I told her about my namesake Jerome the exegete, who forbade his nuns to eat beans because the resulting farts might tickle their genitals and give rise to impure thoughts.

Flora laughed at that. I hope these beans give rise to farting after all, she said, so that I can try it out for myself.

I made some remarks, like if they failed offering to do it for her, and such, the idle dirty talk of lovers that so amuses them.

She told me about some little French biscuits called
pets-denonne
, nun’s farts. Because they are so delicate and whisper light, she said.

I am sure St Jerome was closer to the truth, I said. Why wouldn’t nun’s farts be as vigorous and hearty as anyone else’s? Given their diet. Else why would they tickle so lasciviously?

And smelly, said Flora. Not an attractive thing in a biscuit. Or maybe a sign of holiness is odourless farts.

What fun we had. How we delighted in one another’s words. Sitting in front of this page, writing down the words that so bound us, so enchanted us, I cannot decide quite how I feel: is there more pleasure in recalling them, and the old happy times they embody, than misery in recording their loss? If I could live in that past, in my head, I could be a soberly contented man. But you cannot control what you think, and though so far it is the happy times I am transcribing here, in my head they are inextricably bound with grief.

Leonie is not sitting on my page today. She is asleep by the window. A champion sleeper is my tubby little cat. There is a patch of sun on the floor and she has found it. That is one of her gifts. To find sun. Even when it is not cold, like today’s high summer, she finds the sun.

For in her morning orisons she loves the sun and the sun loves her.

For she is of the tribe of Tiger.

For the Cherub Cat is a term of the Angel Tiger.

Dear Christopher Smart. I love his mysterious utterance.

This script is fading, because my pen is running out of ink. I keep the bottle tightly closed against the ink monkey. A little creature smaller than a hand, with fur that is black and silky and soft as down. Its eyes are scarlet. The ink monkey is fond of ink. It sits with its forepaws crossed waiting while you write. When you have finished it drinks what is left of the ink and then sits back, happy and quiet.

But this is older technology even than mine, with my fountain pen. It needs an inkwell and a dipping pen, possibly a quill, or perhaps a brush. I remember the inkwells at school when I was a small boy, the little bluish china pots each sunk into its hole at the right-hand top of the desks (who knows about inkwells any more, who is not as old as me?) and how there never was any ink left when you came back after a short absence; the ink monkey must have flourished there.
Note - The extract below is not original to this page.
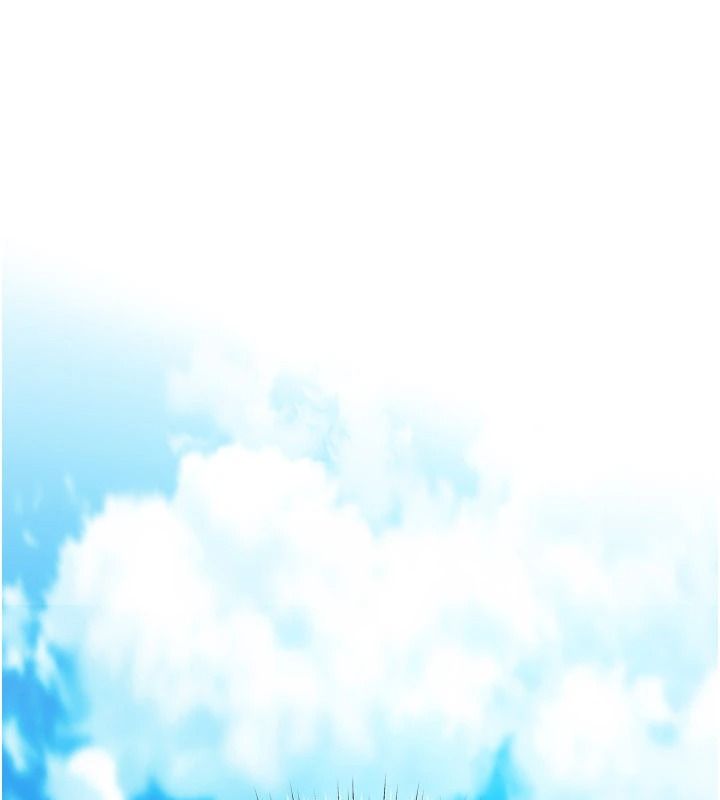 逆转食物链第6話-今天你想吃哪個洞?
The ink monitors had to get the big bottle of ink out of the press and refill them.

Perhaps I should leave the cap of the ink bottle unscrewed, so the ink monkey could drink his fill. He comes from China, from the north, and my report of him is dated 1791.

I should be sad to lose this pen. The writing it does for me is small and well formed, quite round. I have another which writes large and scrawly, with blots, and does not please at all. And another with upstrokes and downstrokes, quite calligraphic, that I use for notes, the polite kind. Now Leonie is awake and comes stalking across the desk. She bats at my pen, which she knows I wind across the page purely for her entertainment. Why else would I make such intoxicating curves. Silly girl, you have blotted your own name, it would be illegible did I not know it was itself. It is necessary to stop before all the words smudge out of existence. I pick up a toy I keep for her, a little Russian painted carving of an axeman and a chicken, fastened with string to a wooden ball. When you manipulate it so that the ball rotates the chicken pecks, up, down, the axe rises, falls, and you think that you will be able to organise it so that the axe beheads the chicken but you can’t, when the chicken pecks down the axe is up. It’s inexorable. Down comes the axe, up goes the chicken. Forever safe. Leonie watches with her yellow eyes, mesmerised it seems, then leans in to bat. But she cannot change the fate, of the chicken to survive, of the axeman to fail. When she gets bored she puts her head against my forehead and gently butts it, purring, and breathes on me with her fishy breath.